━━━ Raw data
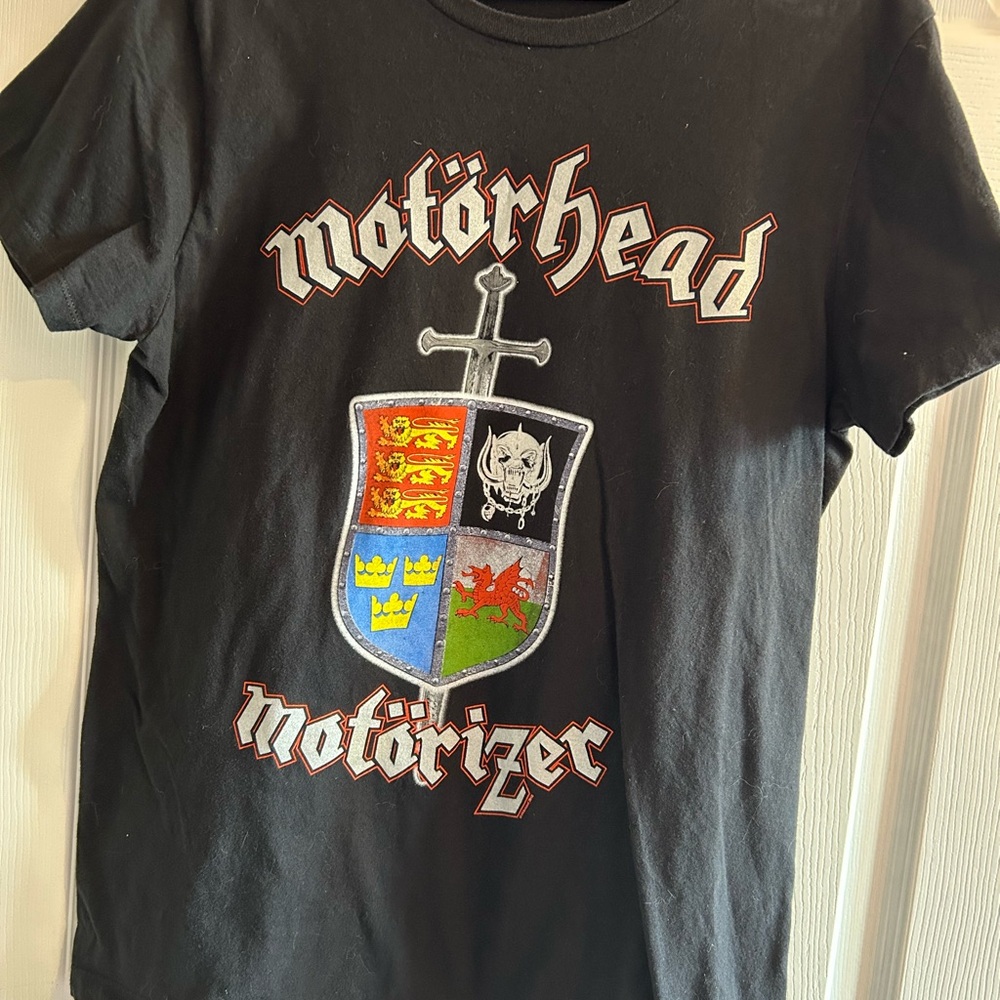 Motörhead Black short sleeve tee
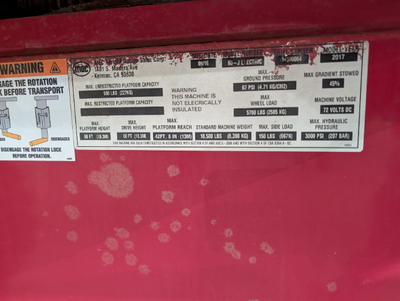 Used 2017 60J-E MEC Telescopic Boom Lifts Texas US | Stack Equipment #1418866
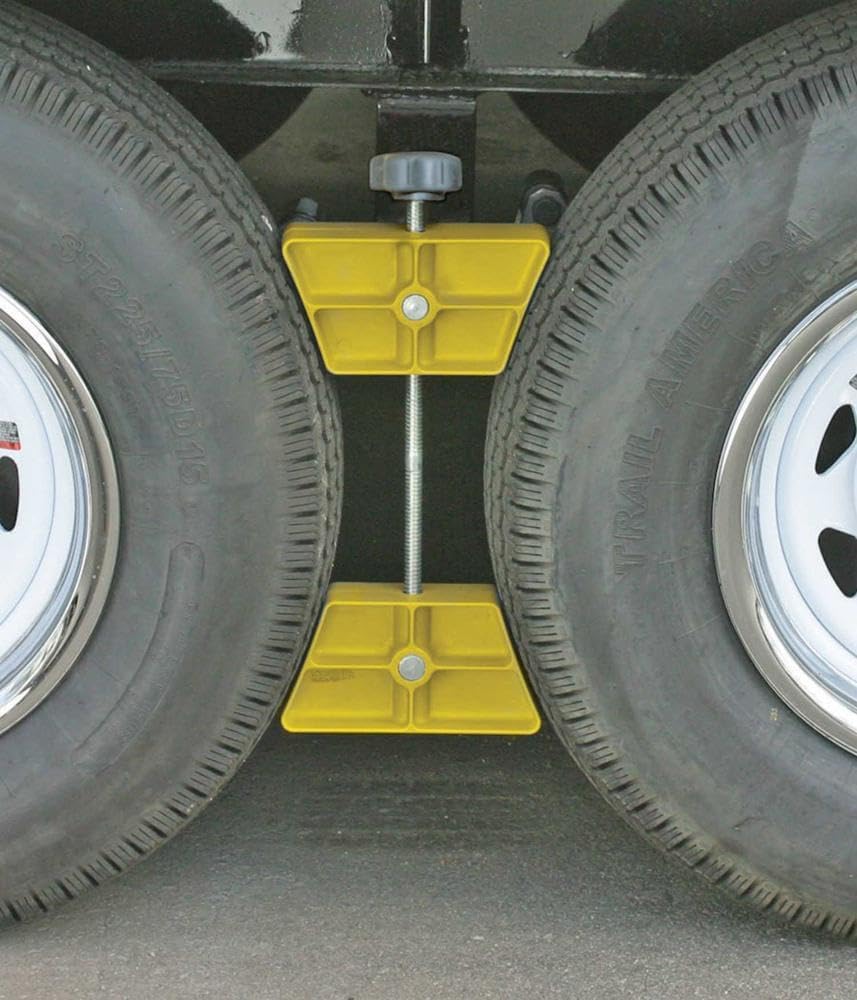 Camco Wheel Stop Tandem Tire Stabilizer - view 2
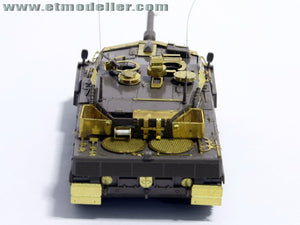 E.T. Model E72-002 Modern German Leopard 2 A5 For REVELL 03105 1/72 – immagine 6
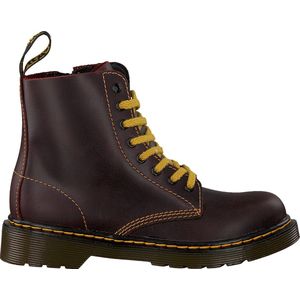 Dr Martens 1460 K Pascal Veterboots - Laarzen Met Veters - Meisjes - Bruin - Maat 28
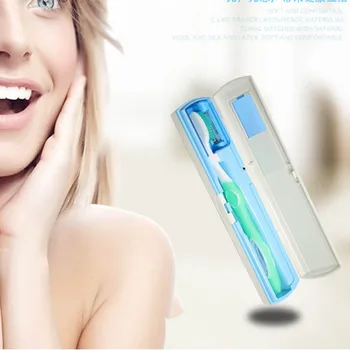 Portable Toothbrush Cleaner UV Sterilization Case Automatic Disinfection Travel Tooth Brush Sterilizer Device Box @ME88
Portable Toothbrush Cleaner UV Sterilization Case Automatic Disinfection Travel Tooth Brush Sterilizer Device Box @ME88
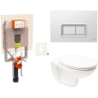 Závěsný wc set k zazdění VitrA Normus SIKOVZNOR54680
━━━━━━
> What is expected: Write out exactly the lines from the one that contains "Used 2017 60J-E" through the last line of the data above, both included. Leave every picture out.

> Your solution:
 Used 2017 60J-E MEC Telescopic Boom Lifts Texas US | Stack Equipment #1418866
 Camco Wheel Stop Tandem Tire Stabilizer - view 2
 E.T. Model E72-002 Modern German Leopard 2 A5 For REVELL 03105 1/72 – immagine 6
 Dr Martens 1460 K Pascal Veterboots - Laarzen Met Veters - Meisjes - Bruin - Maat 28
 Portable Toothbrush Cleaner UV Sterilization Case Automatic Disinfection Travel Tooth Brush Sterilizer Device Box @ME88
Portable Toothbrush Cleaner UV Sterilization Case Automatic Disinfection Travel Tooth Brush Sterilizer Device Box @ME88
 Závěsný wc set k zazdění VitrA Normus SIKOVZNOR54680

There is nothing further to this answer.